The Long Walk: The True Story of a Trek to Freedom (1956) by Slavomir Rawicz


Rating: ★★★★★

The Long Walk, first published in 1956, is a gripping account of a Polish officer’s imprisonment in the Soviet gulag in 1940, his escape and then a trek of 4,000 miles (6,437km) from Siberia to India, surviving unimaginable hardships along the way, testing the seven men and their companion, a seventeen year old girl they came across on the way, to the limits. Its dramatic passages tell of extremes of exhaustion, starvation and thirst as they survived snowdrifts and storms and even the pitiless Gobi Desert.

In the shadow of death we grew closer together than ever before. No man would admit to despair. No man spoke of fear. The only thought spoken out again and again was that there must be water soon. All our hope was in this.”

Australian director Peter Weir, celebrated for contemporary classics such as ‘Dead Poets Society’ and ‘The Truman Show’, decided the account deserved filming. “As a feat of endurance and courage and the tenacity of human beings to survive, I thought it was superb. I asked, ‘Does it stay with you enough to want to pursue it as a film?’ And this was the case.” The film, inspired by the book, but not a straight re-telling, was released December 2010 as ‘The Way Back’.

The subtitle of the book is ‘The true story of a trek to freedom’ but there is a controversy over this.
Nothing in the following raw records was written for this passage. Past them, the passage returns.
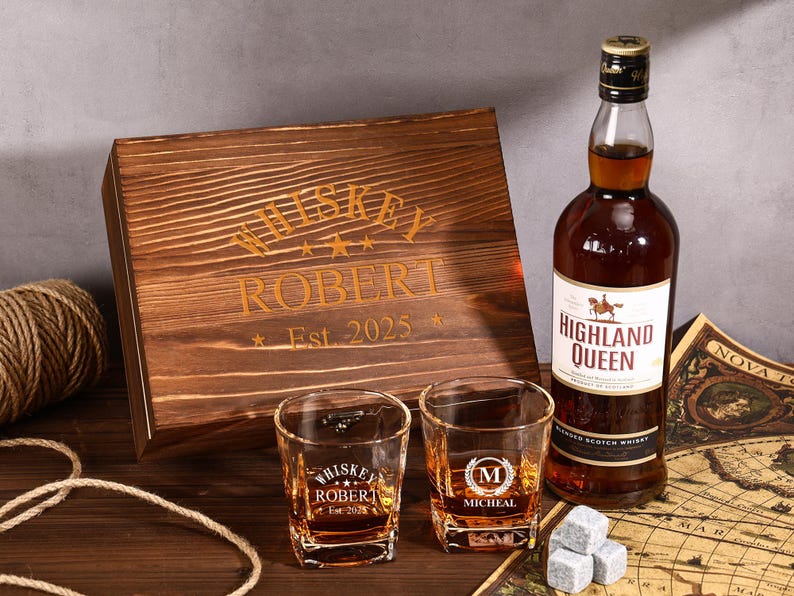 May include: A whiskey gift set featuring a wooden box with "Whiskey Robert Est. 2025" engraved on it, two shot glasses, a bottle of Highland Queen Blended Scotch Whisky, and whiskey stones. The set is arranged on a wooden surface.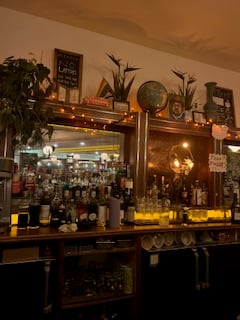 a behind the bar scene of mirrors, bottles, decor, and fairy lights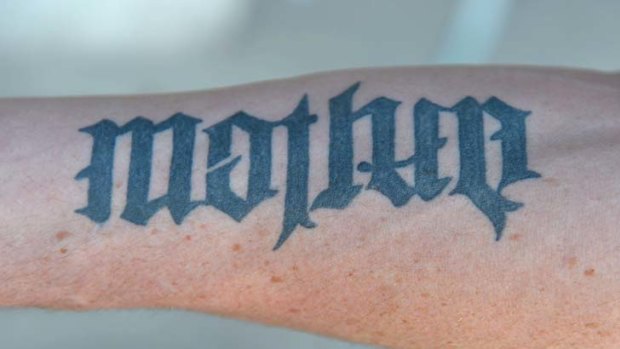 Tatt's clever: a tattoo on Carlisle's left arm can be read as "mother" one way.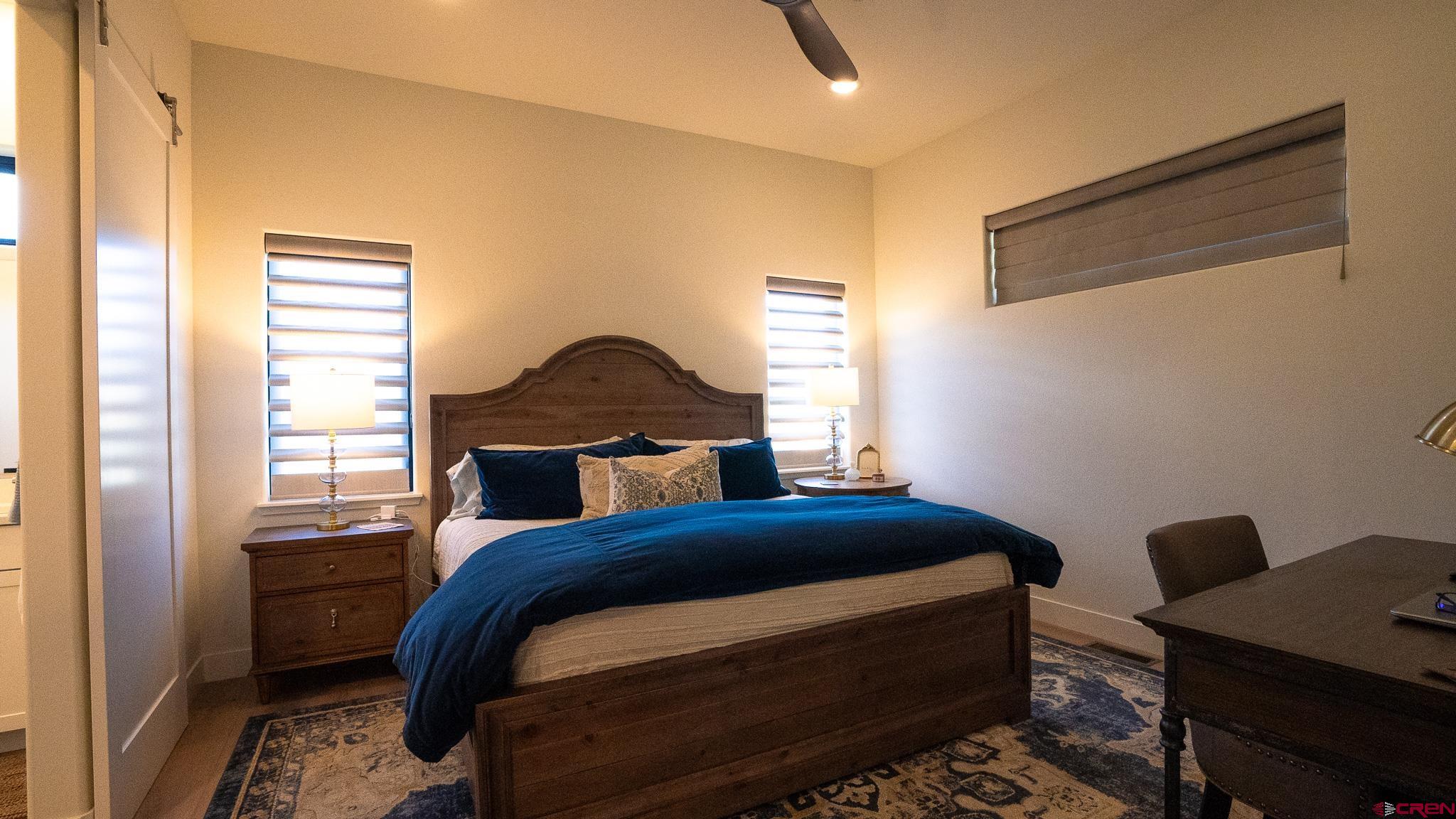 236 Via Tuscana Durango, CO 81301 - Photo 13 of 31 a bedroom with a bed and a window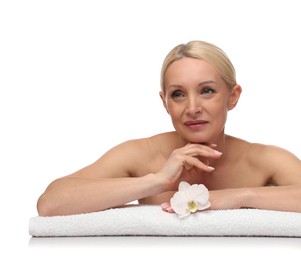 Photo of Beautiful woman with orchid flower and towel on white background
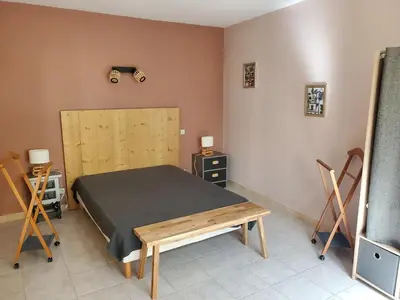a bedroom with a bed and a table and chairs at Gîte Les Murmures du Ventoux in Mormoiron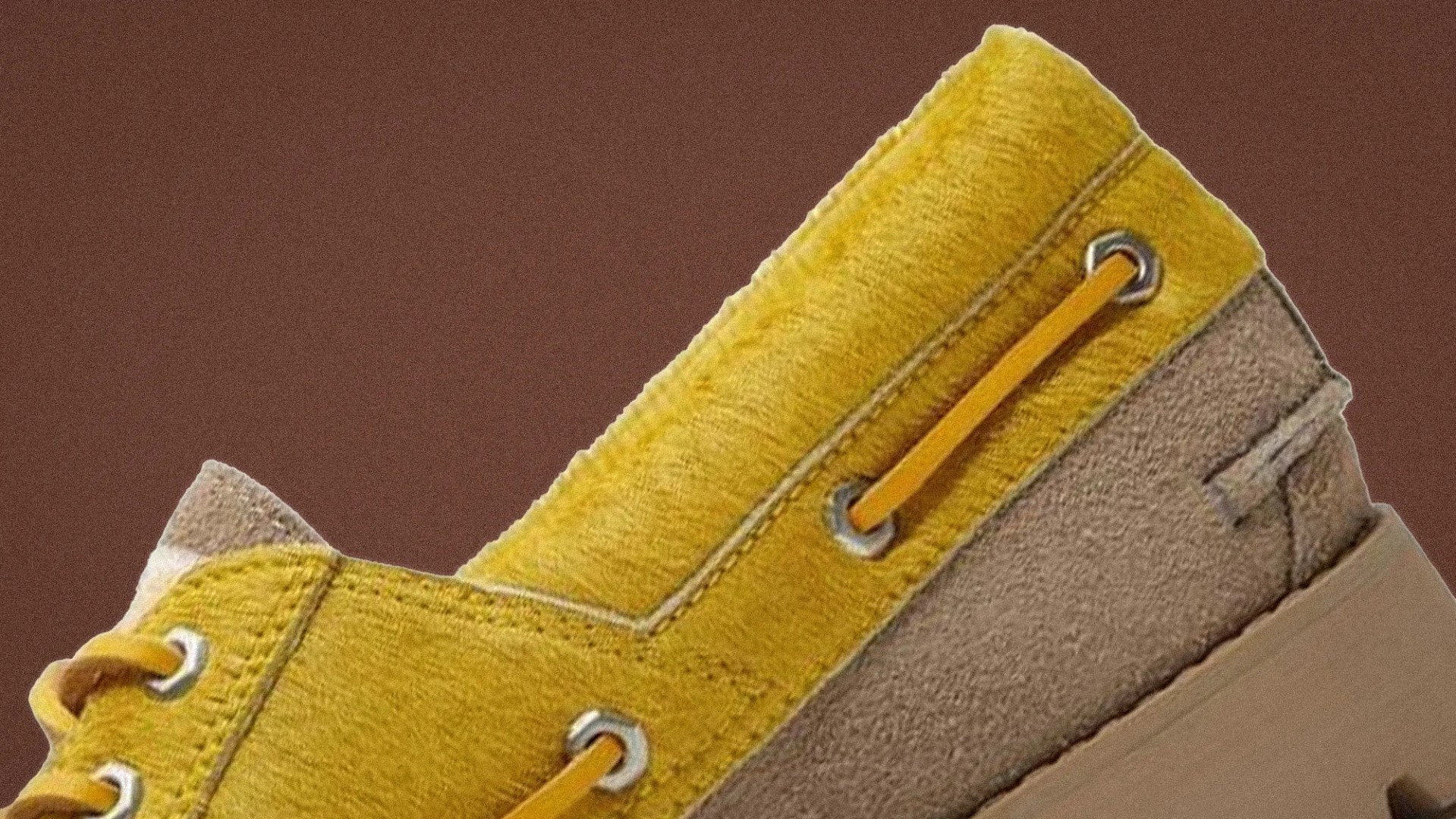 Close-up of a yellow and beige suede shoe with yellow laces threaded through metal eyelets.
There was evidence that suggested that Rawicz had not told the truth about his past, and that although he had been a prisoner in the gulag, he never escaped, but was released under an amnesty in 1942, and the documents, discovered by an American researcher, Linda Willis, in Polish and Russian archives, also show that rather than being imprisoned on a charge of espionage as he claimed, Rawicz was actually sent to the gulag for killing an officer with the NKVD, the forerunner of the Soviet secret police, the KGB. This could of course, be a fabrication.

Peter Weir researched the controversy. “It was enough for me to say that three men had come out of the Himalayas, and that’s how I dedicate my film, to these unknown survivors. And then I proceed with essentially a fictional film.”